◆ **Task directions**
Please find the lines in the entries below that contain the word "Door", and copy each one.

Records from a dataset:

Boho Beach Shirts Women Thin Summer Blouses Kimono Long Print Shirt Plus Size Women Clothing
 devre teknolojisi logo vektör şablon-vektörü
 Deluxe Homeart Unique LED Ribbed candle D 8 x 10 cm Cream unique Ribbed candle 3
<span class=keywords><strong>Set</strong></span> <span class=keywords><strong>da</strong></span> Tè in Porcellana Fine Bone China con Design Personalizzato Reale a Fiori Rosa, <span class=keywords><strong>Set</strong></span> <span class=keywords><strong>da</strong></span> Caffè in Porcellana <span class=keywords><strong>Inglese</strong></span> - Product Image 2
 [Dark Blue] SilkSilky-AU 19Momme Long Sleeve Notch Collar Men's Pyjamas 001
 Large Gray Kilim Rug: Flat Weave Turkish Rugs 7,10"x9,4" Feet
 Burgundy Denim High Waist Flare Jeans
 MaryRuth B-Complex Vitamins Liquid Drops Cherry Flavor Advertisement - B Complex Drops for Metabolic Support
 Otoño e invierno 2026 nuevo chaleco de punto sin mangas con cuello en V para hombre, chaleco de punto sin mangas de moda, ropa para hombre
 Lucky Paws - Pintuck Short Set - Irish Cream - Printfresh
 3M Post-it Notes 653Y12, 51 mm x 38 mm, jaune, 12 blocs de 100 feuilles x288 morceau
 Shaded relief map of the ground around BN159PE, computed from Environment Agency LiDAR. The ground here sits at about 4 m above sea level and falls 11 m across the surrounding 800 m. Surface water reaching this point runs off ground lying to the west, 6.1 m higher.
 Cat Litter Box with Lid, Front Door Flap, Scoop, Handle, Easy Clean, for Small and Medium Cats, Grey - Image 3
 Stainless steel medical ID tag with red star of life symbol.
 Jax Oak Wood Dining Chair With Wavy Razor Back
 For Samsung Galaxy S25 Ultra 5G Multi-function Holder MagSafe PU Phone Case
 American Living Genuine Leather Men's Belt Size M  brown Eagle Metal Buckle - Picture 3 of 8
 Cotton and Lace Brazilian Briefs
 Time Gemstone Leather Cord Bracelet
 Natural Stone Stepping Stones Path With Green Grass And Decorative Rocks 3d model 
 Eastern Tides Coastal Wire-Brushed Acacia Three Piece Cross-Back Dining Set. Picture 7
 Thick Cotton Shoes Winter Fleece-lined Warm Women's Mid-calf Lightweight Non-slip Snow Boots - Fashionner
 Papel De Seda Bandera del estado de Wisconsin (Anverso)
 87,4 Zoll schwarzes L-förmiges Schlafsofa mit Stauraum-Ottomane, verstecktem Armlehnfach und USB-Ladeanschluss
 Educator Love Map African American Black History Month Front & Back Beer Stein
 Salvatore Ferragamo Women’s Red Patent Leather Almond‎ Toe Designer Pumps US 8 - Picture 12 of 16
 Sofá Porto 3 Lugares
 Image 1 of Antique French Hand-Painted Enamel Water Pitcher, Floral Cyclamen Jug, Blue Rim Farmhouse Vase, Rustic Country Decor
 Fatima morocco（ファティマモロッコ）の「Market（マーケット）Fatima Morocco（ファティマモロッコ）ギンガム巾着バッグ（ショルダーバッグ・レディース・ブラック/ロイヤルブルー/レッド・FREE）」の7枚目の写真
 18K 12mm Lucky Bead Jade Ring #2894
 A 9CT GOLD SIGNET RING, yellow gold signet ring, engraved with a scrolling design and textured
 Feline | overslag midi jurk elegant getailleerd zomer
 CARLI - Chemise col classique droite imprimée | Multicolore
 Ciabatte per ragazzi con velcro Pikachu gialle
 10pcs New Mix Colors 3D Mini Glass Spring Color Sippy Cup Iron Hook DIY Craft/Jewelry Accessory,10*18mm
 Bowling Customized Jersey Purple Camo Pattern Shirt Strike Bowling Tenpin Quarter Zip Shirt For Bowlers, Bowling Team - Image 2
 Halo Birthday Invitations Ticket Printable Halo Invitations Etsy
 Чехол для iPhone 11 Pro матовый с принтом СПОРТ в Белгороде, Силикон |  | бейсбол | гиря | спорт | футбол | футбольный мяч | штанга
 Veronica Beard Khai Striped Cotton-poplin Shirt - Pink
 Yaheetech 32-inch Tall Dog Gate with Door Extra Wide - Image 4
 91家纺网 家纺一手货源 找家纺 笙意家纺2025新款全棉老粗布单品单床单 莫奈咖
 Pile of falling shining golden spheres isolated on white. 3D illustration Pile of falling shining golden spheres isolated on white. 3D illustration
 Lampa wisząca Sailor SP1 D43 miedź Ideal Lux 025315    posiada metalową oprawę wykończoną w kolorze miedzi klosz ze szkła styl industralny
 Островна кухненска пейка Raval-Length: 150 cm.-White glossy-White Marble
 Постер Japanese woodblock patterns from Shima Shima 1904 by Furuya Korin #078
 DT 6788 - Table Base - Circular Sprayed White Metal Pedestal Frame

◆ **Worked solution**
 Cat Litter Box with Lid, Front Door Flap, Scoop, Handle, Easy Clean, for Small and Medium Cats, Grey - Image 3
 Yaheetech 32-inch Tall Dog Gate with Door Extra Wide - Image 4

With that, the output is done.